Question: My wife and I are finally about to realize our life-long dream of paying off our house. Before we burn the mortgage to celebrate, we want to make sure that we have done everything correctly. I remember reading your column in the past about problems with loans not being properly cleared off the property title. What do we need to do to make sure that doesn’t happen to us? How do we get clear title to our home?
Answer: Congratulations on reaching your goal of owning your home free and clear. Many people in today’s housing market wish they were in your situation. Unfortunately, a lot of homeowners are now upside down, which means they owe more on their home loans than their home is worth. You are one of the few people who had the intelligence and financial discipline to pay your home off early, so you should be very proud.
You are also very wise to make sure the paperwork is in order before you burn your mortgage.
Let me briefly explain the title process. The legal title to your house is already in your name. You often hear people say the bank owns my house, by which they mean that they are still making payments on a mortgage.
However, that’s not true. When you get a loan to buy a car, the bank typically holds the title to the car until you pay off the loan. But when you buy real estate, you own the house from the moment the deal closes and the deed is recorded with the county. Washington is a lien theory state, which means that your mortgage lender has a lien on your house that gives it the right to seize the property and sell it at auction to pay off the mortgage if you fail to make your payments. But the deed is recorded in your name only. Check your title insurance policy and you will see that you are listed as the legal owner of the property and your lender is listed as a lien holder, along with your property taxes and other encumbrances.
The mortgage lender’s lien is called a deed of trust. When your loan is paid in full, the lender will record a satisfaction document to release their lien on your property. You don’t have to do anything to gain legal title to the property because, as I explained above, you already have it.
When the lender’s lien is released, you will own your home free and clear, which means there are no existing liens against the property.
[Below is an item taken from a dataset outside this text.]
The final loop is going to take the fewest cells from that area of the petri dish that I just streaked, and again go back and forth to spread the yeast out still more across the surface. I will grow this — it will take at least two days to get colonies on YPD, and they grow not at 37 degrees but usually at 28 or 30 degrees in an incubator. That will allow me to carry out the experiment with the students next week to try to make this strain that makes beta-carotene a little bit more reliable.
The only problem is that lenders occasionally fail to record the proper satisfaction documents to clear title to the property after a loan has been paid off. You have to remember that once the bank has all its money, you become an administrative expense rather than a source of income. That drops you to a very low priority. For example, I have a friend who paid off the mortgage on his home several years ago. He repeatedly called the lender asking for the satisfaction of mortgage document. Finally, after 14 months of constant pressure, he got the required documents to release the lien on his home. Who knows how long it might have taken if he had simply waited for the bank to record the documents on their own? Now, I don’t want you to think that this happens all the time, but you need to check to make sure the proper paperwork is recorded with the county.
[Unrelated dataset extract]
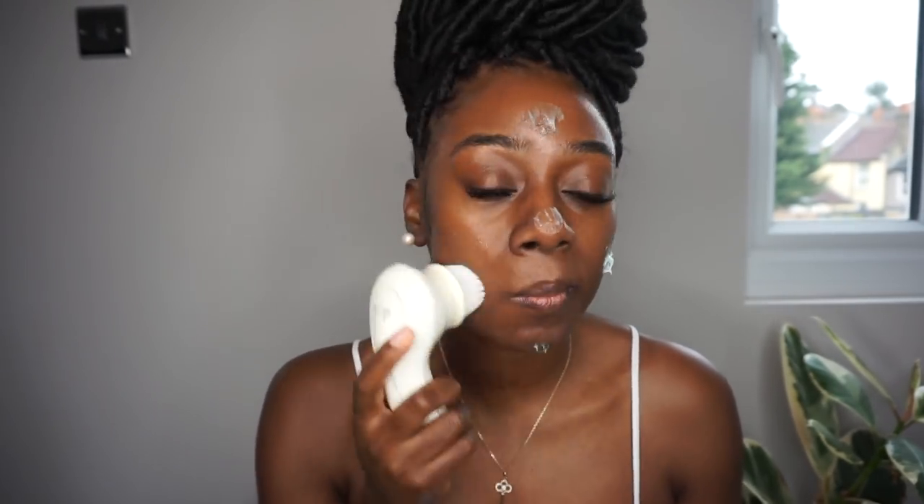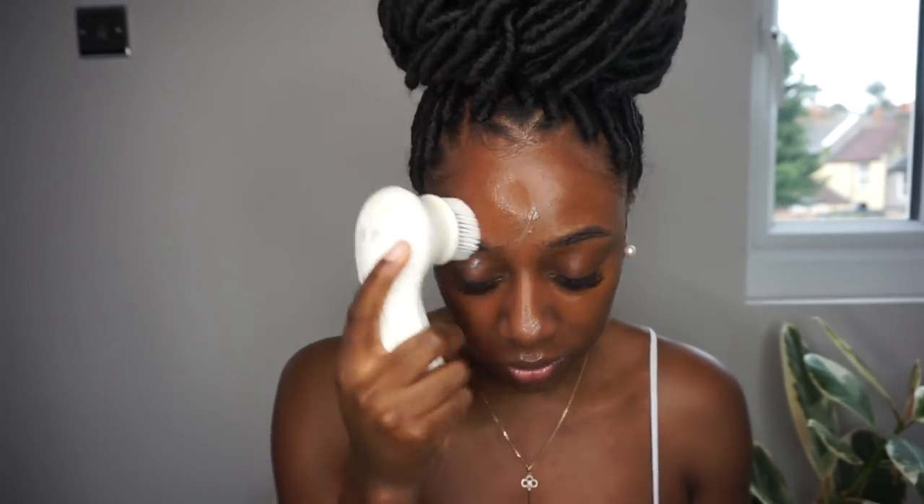Once I'm done rinsing my face, I either use a paper towel or a flannel face cloth. Don't ever use your regular towel — it's got bacteria from different body parts that you don't want on your face. I just get a paper towel and pat my skin dry.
If a mortgage lien is not properly released, it can create serious title problems in the future when you sell your home. For example, one of my mortgage clients was involved in a real estate purchase transaction in which the preliminary title insurance report showed that the sellers still owed $45,000 on a loan that had actually been paid off many years earlier.
The bank had been sold since the original loan was made and the lender that acquired the mortgage failed to record a satisfaction document when the loan was paid off. It took a lot of scrambling by the title insurance company to straighten out the mess in order to prevent the deal from falling apart at the last minute.
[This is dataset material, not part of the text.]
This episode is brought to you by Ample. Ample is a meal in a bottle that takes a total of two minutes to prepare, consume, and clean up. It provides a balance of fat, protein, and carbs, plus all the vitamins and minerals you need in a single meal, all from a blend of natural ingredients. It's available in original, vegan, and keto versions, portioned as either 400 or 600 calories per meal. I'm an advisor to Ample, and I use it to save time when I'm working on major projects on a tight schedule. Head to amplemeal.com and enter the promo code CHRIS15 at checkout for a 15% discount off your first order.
You can avoid a nasty surprise by making sure that your mortgage lender records the proper satisfaction documents as soon as you make your last payment to pay off your loan. The longer you wait, the more difficult it becomes to track down the appropriate paperwork to clear the title to your property. It might even be worth paying an escrow company to handle the payoff for you, to make sure it is handled correctly. The fee for such a service should be very modest. If you want extra peace of mind, you could even buy a title insurance policy to verify that the title to your property is free and clear with no mortgage encumbrances, but that would cost a few hundred dollars and it’s probably overkill. Just follow up to make sure you get the proper documents recorded to release the mortgage lien.